> **Work request**
Set down word for word each line from the one containing "Villa Indipendente in" through the end of the records, both included. Do not copy any pictures.

> **Dataset excerpts**
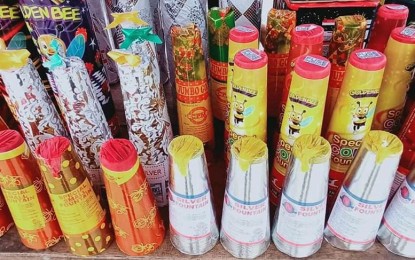 <p><strong>PEACEFUL NEW YEAR</strong>. Various firecrackers displayed in a retail store in Tacloban City's downtown area on Dec. 29, 2020. The Department of Health said Eastern Visayas has reported zero firecracker-related injuries as of Saturday (Jan. 2, 2021). (<em>PNA photo by Roel Amazona)</em></p>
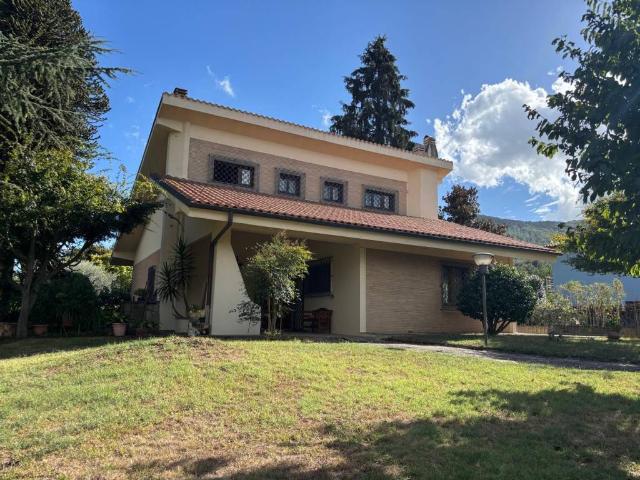 Villa Indipendente in vendita a Roma Capitale, Lazio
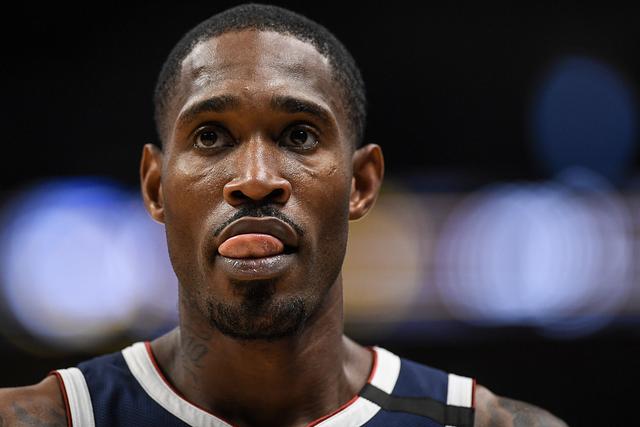 祝铭震28分胡金秋23分 广州大胜广厦35分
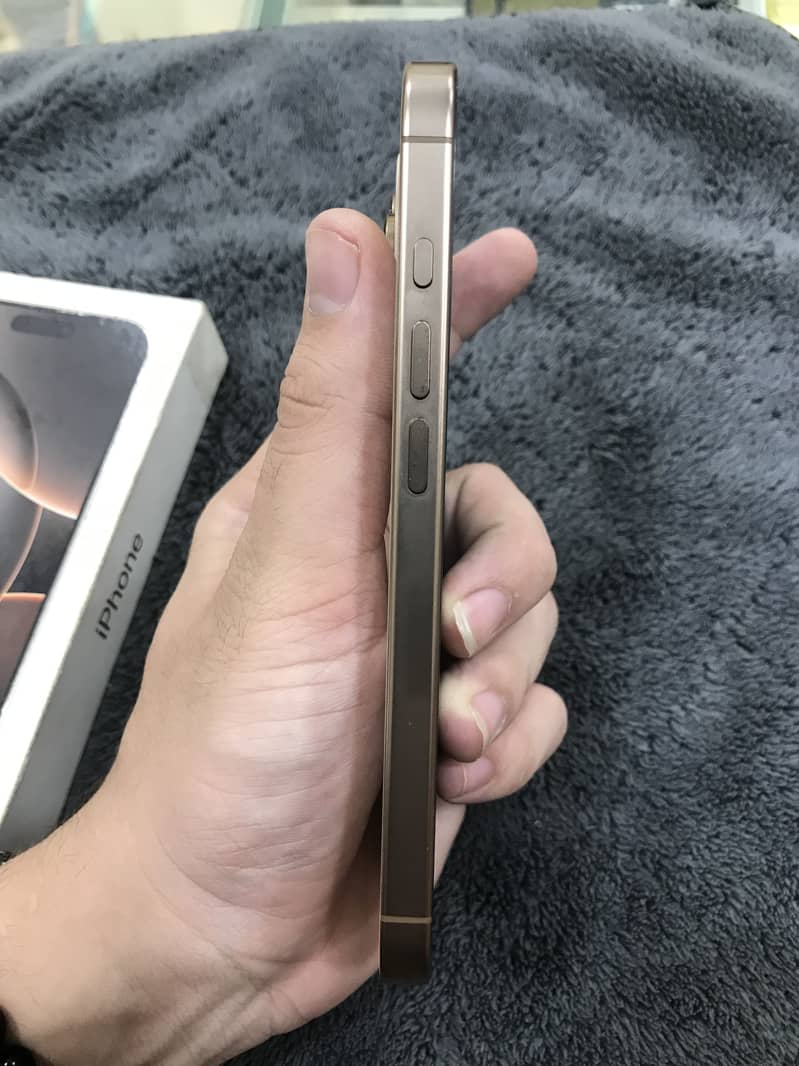 Apple iPhone 16 Pro 6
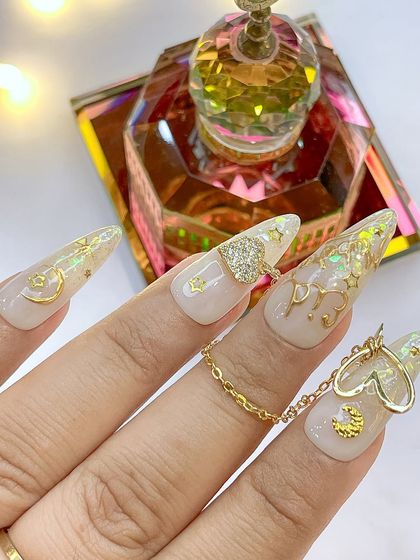 Celebrate with Style: Festive Nail Designs photo 38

> **Response**
 Villa Indipendente in vendita a Roma Capitale, Lazio
 祝铭震28分胡金秋23分 广州大胜广厦35分
 Apple iPhone 16 Pro 6
 Celebrate with Style: Festive Nail Designs photo 38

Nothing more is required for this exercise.